Continua a fissarmi come se ne andasse della sua stessa vita, ma, pensandoci meglio, non dovrebbe essere già morta? E' coperta di terra, sembra essere appena riemersa dall'erba sotto cui era sepolta.
«Tu..mi hai...abbandonato!» Mormora voltando repentinamente la testa di lato, in un gesto che comunica una sola cosa: frustrazione.
Il suo petto si abbassa e si alza ritmicamente, spinto dalla collera che vedo nelle sue pupille.
«Mi hai lasciato..a marcire sottoterra!» dice aumentando la presa sulla mia gola.
«Non hai fatto altro che vagare qui, cercandomi, ma perché? Perché rincorrere una cosa che si ha deciso di lasciare andare? Avrei dovuto aspettare di vederti morire, avrei dovuto abbandonarti in questo freddo cimitero in cui prima o poi avresti lasciato andare te stessa, proprio come hai fatto con me. Ma sai una cosa? Sono troppo buona. Sono troppo piena di pensieri e ricordi e paure per non desiderare un corpo in cui sopravvivere. Sono troppo te.
La verità è che ho bisogno di te. Perché tutto ciò che mi hai scaricato addosso decidendo di perdermi mi logora dall'interno, mi affoga in un mare di sofferenza e di pianti trattenuti che non posso allontanare, perché sono la condanna della mia esistenza, perché sono la mia essenza. Ho bisogno di un corpo con cui condividerli.»
Respiro a fatica, ma so di non poter scaricare la colpa sulla sua mano.
«E se io non ti volessi?»
«Cosa?» I suoi occhi sono pozze smeraldine cariche di sorpresa.
«Se io avessi capito che non voglio più un'anima? Che non voglio assolutamente condividere il tuo dolore? Ci sarà pure un motivo se ti ho abbandonata.»
Si allontana di un passo. «No. Non avresti perso le tue giornate a cercarmi. Come io necessito del tuo corpo, tu sai di aver bisogno di me.»
Ha ragione. Ma all'improvviso non sono più sicura di volerla con me.
Tornerei a vedere i colori.
Saprei di nuovo piangere, e sorridere. Ma soprattutto piangere. E' questo che voglio?
Riavere la mia anima comporta anche il ritorno, sulle mie spalle, di quell'enorme peso per cui l'avevo sepolta tra queste lapidi.
«Non ti voglio.»
«Morirai.»
«Morirò.»
Abbasso lo sguardo sui piedi e l'ultima cosa che mi passa per la mente è che lei non ha un'ombra.
Poi lo scintillio di una lama e il mio stomaco trafitto con forza. E quella sensazione: non di svuotamento, non di sangue che sgorga, ma di una nuova pienezza che come puro sole scintillante mi scorre nelle vene.

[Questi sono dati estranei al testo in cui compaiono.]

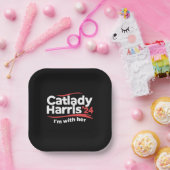 キャットレディーカマラハリス2024私は彼女と一緒 ペーパープレート (パーティー)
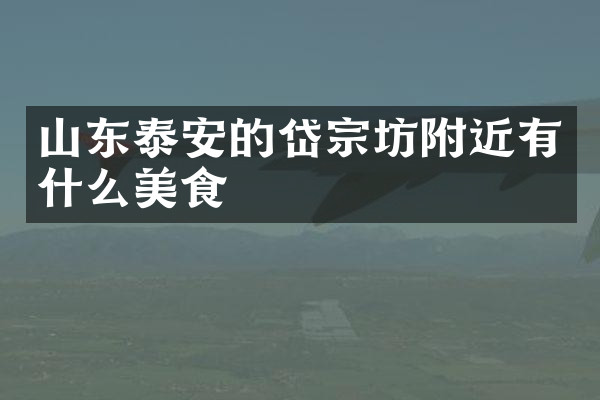 山东泰安的岱宗坊附近有什么美食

Mi accascio ai piedi dell'albero e sento di nuovo quel gracchiare acuto: sollevo lo sguardo e tra le foglie scorgo gli occhietti vispi di un corvo. Sorrido debolmente e poi svengo.

 

Al mio risveglio è ormai mattina, erano mesi che non facevo una dormita del genere.
Il sole mi ferisce gli occhi, per cui li tengo socchiusi un altro po', finché un lieve pizzichio all'indice della mano sinistra non mi costringe ad aprirli.
Mi metto comoda contro la ruvida corteccia e scopro che sul mio dito è posata una minuscola farfallina verde brillante.
Non ne avevo mai viste di questo colore, ed è bellissima, mi dico.
Prima che possa fermarmi scoppio in un pianto silenzioso, e l'animaletto è sempre lì, che mi sbatte in faccia la sua minuscola maestosità.
Forse avevo davvero bisogno di un'anima.